Note that arrow datasets do not support summarize natively, that is why we call collect first to actually read in the data.

The arrow package makes it fast and easy to query on-disk data and read in only the fields and records needed for a particular computation. This is a tremendous improvement over the typical R workflow, and may well be all you need to start using your large datasets more quickly and conveniently, even on modest hardware.

Solution 4: Streaming data with duckdb

If you need even more speed and convenience you can use the duckdb package. It allows you to query the same parquet datasets partitioned on disk as we did above. You can use either SQL statements via the DBI package or tidyverse style verbs using dbplyr. Let’s see how it works.

First we create a duckdb table from our arrow dataset.

library(duckdb)
## Loading required package: DBI
library(dplyr)

con <- DBI::dbConnect(duckdb::duckdb())
fhvhv_tbl <- to_duckdb(fhvhv_ds, con, "fhvhv")

The duckdb table can be queried using tidyverse style verbs or SQL.

## number of Lyft trips, tidyverse style
st <- proc.time()

fhvhv_tbl %>%
  filter(hvfhs_license_num == "HV0005") %>%
  select(hvfhs_license_num) %>%
  count()
## # Source:   SQL [1 x 1]
## # Database: DuckDB 0.7.1 [root@Darwin 20.3.0:R 4.2.1/:memory:]
##          n
##      <dbl>
## 1 37250101
et <- proc.time()
wc_4 <- (et - st)[[3]]
wc_df <- rbind(wc_df, data.frame(name = "dplyr + duckdb", wc = wc_4))

dbDisconnect(con, shutdown=TRUE)

Wall clock time with the Solution 4: 1.801 seconds.

The duckdb package supports aggregating data in a streaming fashion, allows you to set memory limits, and is optimized for speed. The way I think about the relationship between arrow and duckdb is that arrow is primarily about reading and writing data as fast and efficiently as possible, with some built-in analysis capabilities, while duckdb is a database engine with more complete data manipulation and aggregation capabilities.

library(ggplot2)

wc_df <- wc_df[order(as.numeric(wc_df$wc)), ]
rownames(wc_df) <- NULL
wc_df$name <- factor(wc_df$name, levels = wc_df$name)

# Define the plot
ggplot(wc_df, aes(x = wc, y = name)) + 
  geom_bar(stat = "identity", fill = "lightcoral", width = 0.5) +
  xlab("Wall Clock Time (Seconds)") + 
  ylab("Method") + 
  ggtitle("Processing Time by Method") +
  theme(plot.title = element_text(hjust = 0.5, size = 14),
        axis.text.y = element_text(size = 10))

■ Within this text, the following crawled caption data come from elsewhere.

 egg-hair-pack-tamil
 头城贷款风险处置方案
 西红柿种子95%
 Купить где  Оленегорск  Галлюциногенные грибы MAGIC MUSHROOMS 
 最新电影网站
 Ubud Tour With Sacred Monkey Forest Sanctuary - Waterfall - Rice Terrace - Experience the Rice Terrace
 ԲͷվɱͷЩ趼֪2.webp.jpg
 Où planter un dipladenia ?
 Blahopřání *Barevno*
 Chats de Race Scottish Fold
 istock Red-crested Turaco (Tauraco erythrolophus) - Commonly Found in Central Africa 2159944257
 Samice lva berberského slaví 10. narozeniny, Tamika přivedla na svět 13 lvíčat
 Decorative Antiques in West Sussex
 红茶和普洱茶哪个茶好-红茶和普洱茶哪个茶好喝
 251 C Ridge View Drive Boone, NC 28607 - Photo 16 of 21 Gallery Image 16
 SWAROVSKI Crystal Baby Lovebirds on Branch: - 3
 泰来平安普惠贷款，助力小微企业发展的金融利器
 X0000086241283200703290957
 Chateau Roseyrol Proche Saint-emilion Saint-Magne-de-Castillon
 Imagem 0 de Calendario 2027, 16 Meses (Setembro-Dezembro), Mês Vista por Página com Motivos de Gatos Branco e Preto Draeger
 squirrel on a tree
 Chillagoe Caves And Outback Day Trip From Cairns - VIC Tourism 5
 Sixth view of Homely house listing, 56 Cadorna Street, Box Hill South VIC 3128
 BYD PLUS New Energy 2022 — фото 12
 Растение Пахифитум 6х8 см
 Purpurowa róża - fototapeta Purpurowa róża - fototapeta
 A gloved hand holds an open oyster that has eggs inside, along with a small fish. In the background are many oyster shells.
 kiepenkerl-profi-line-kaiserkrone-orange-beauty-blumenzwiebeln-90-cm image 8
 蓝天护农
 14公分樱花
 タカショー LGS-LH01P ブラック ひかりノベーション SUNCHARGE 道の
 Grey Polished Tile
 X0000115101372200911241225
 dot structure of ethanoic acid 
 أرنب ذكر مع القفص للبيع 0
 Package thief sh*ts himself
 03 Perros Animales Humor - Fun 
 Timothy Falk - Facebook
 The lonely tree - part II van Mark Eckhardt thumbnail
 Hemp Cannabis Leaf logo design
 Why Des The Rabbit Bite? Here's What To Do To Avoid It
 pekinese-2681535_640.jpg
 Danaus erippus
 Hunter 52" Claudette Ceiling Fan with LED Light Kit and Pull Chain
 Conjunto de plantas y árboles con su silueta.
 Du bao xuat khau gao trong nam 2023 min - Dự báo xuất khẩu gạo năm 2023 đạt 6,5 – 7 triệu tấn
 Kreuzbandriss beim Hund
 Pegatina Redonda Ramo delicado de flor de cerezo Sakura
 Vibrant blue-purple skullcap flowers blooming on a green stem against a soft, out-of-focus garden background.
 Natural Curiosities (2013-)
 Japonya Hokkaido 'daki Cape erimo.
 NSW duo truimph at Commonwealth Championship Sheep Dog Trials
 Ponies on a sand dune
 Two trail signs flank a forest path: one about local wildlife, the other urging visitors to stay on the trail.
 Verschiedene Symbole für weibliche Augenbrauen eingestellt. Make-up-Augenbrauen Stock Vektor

performance_imp <- wc_df$wc[4] / wc_df$wc 
wc_df <- cbind(wc_df, performance_imp)
wc_df
##                                    name     wc performance_imp
## 1                       arrow + parquet  1.291       43.936483
## 2                        dplyr + duckdb  1.801       31.494725
## 3 csv + data.table + parallel(12 cores) 17.246        3.288995
## 4                      csv + data.table 56.722        1.000000

In summary, we explored various methods to handle large data in R. First; we discussed the traditional approach of loading all the data at once, which can be inefficient and time-consuming. Next, we looked at the data.table package’s capability to read a single column instead of loading the entire dataset. We also discussed the benefits of using binary storage formats such as Parquet to improve processing speed and reduce disk space usage. Finally, we looked at parallel computing and streaming processing as methods to handle large datasets more efficiently. By employing these various techniques, we can process and analyze large datasets with greater efficiency and accuracy in R.